1. What is the meaning of income?
Ans. Income refers to the money or financial gain that an individual or business receives in exchange for providing goods or services. It can be in the form of a salary, wages, profits, dividends, rent, or any other type of payment.
2. How is income determined in an economy?
Ans. In an economy, income is determined by the total value of goods and services produced within a specific period, which is known as the national income. This is calculated by adding up the incomes earned by individuals, businesses, and the government, including wages, salaries, profits, and taxes.
3. What factors determine the level of employment in an economy?
Ans.
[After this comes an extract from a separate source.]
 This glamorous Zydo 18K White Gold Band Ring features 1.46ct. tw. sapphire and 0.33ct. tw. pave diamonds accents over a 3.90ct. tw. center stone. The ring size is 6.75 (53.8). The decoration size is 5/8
The level of employment in an economy is determined by various factors, including the demand for goods and services, the availability of resources and labor, government policies, technological advancements, and business cycles. These factors influence the overall economic activity and the number of job opportunities available.
4. Why is it important to measure income and employment in an economy?
Ans. Measuring income and employment in an economy is crucial for several reasons. Firstly, it helps in understanding the overall economic health and performance of a country. It provides insights into the standard of living, poverty levels, and income inequality. Secondly, it helps policymakers in formulating effective economic policies and interventions to address unemployment, inflation, and other economic challenges. Additionally, it assists businesses in making informed decisions regarding production, investment, and expansion.
5. What are the different methods used to calculate national income?
Ans. There are several methods used to calculate national income, including the income approach, expenditure approach, and production approach. The income approach involves adding up the incomes earned by individuals and businesses, such as wages, salaries, profits, and rents. The expenditure approach calculates national income by summing up the total expenditure on goods and services within an economy. The production approach estimates national income by measuring the total value of goods and services produced in different sectors of the economy. These methods provide a comprehensive understanding of the overall economic activity and income distribution in a country.